半年ぶりのカキコ……ども……。気づいたらHRソリューション本部からMFBC-CTO室に異動していたVTRyoです。兼任で引き続きHR系のマネーフォワード クラウドシリーズも担当しています。
ソフトウェアエンジニアとしての経験値が増えてくると、次第にレビュー担当者になることが増えてくるでしょう。私が所属するSREチームでもTerraformの相互レビューが頻繁に実施されています。そこで、事件は起きたのです。
自信を持ってApproveしたPull Requestで次々に事故が起きてしまった
現在HR内のマネーフォワード クラウドシリーズは、モダンな開発基盤へとリプレイス作業を多く行っています。これまで動いていた基盤に感謝しつつ、新しいPlatformへと移行し、最終的に元あったリソースを削除します。
事件はこの リソース削除 で起きました。
- チーム内レビュー OK
- リポジトリ管理者レビュー OK
- CI OK
- Test OK
という流れを経ているのにどうして……。結局1件目の事故は、マイクロサービス間のコミュニケーションミスが間接的な原因であります。
次の事故は、私が作成したPRがApplyされたあとに起きました。例によって、いくつかのApproveフローを経ています。
- チーム内レビュー OK
- リポジトリ管理者レビュー OK
- CI OK(何度かPlanが落ちていて「よしよししっかり見てくれているじゃないか」と思っていたのに)
Applyされた途端、変更対象でないプロダクトに異変が発生しました。
「レビューもテストもすり抜けた? どうして私は気づけなかったんだ」
このようなとき、うまく立ち直らないと 「やばいめっちゃ事故起こしてる……つらい」 というメンタル状況が生まれてしまい、せっかく培ってきた自信がなくなったりします。特に経験値がまだ少ないソフトウェアエンジニア、ならびにチーム開発に慣れていない新卒の方はなってもおかしくありません。 お客様にご迷惑をかけているので、当然ながら事故が起きないように取り組むことは優先ですが、開発者がそれで自信を失ってしまうのも避けるべきです。
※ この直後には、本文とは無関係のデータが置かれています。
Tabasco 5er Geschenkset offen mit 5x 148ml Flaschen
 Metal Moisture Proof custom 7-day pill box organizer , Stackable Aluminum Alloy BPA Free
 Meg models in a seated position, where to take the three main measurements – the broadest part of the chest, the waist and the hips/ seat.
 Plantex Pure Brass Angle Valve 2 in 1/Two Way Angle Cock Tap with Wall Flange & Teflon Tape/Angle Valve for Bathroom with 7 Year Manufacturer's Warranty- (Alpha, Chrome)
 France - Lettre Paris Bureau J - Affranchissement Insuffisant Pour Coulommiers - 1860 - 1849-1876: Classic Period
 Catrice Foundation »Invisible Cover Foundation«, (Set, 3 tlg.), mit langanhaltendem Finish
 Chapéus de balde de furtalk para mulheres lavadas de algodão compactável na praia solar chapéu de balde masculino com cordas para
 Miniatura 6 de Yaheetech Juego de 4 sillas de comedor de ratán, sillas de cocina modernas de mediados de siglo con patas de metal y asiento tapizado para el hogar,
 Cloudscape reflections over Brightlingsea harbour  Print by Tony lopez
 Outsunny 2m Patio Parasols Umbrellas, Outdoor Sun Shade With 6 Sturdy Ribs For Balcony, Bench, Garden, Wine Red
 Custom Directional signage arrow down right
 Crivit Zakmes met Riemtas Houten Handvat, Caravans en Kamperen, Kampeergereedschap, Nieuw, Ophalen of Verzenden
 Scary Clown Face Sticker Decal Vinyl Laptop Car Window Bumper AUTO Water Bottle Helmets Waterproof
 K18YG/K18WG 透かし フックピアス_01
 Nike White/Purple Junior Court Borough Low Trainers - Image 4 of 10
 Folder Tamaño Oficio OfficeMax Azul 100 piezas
ではどのようにしてメンタルを回復(あるいは転落回避)すればよいのでしょう? 今回はすぐに試せる方法をいくつか紹介します。
重要度順に見る試したいワザ
- ☆☆☆: 人間であれば効果ばつぐん
- ☆☆: 人によっては不要
- ☆: 優先度低
☆☆☆ 「Ask What, not Why」 反省するときは"なぜ"ではなく、"何"を問う
なぜなぜ分析が広く知れ渡っているため、原因分析に「なぜ起きたか?」を何度か繰り返して探るケースがあります。 ただ、自己反省のためになぜなぜ分析を使うのはおすすめできません。
- 「どうして私は ミスをした?」
- 「なぜ私はもっと慎重に考えなかったのか?」
- 「なぜ私ばかり事故に合うのか?」
よくないメンタル状況になりかけている人は、このような問いの答えを導くこともありえます。
- 「なぜなら、私は昔からおっちょこちょいだから」
- 「なぜなら、私はエンジニアに向いている性格ではないから」
- 「私が担当すると危ない。もうレビュー担当から外れるべきだ」
自己反省を通して上記のようなことに気づいたとしてもただ落ち込むだけです。建設的とは言い難いものです。 こうして冷静にテキストを読んでいると「いやいや考えすぎだよ」「考える方向性まちがってない?」となるのですが、自己反省という作業ではかんたんに斜め下の理由付けを実行してしまいがちです。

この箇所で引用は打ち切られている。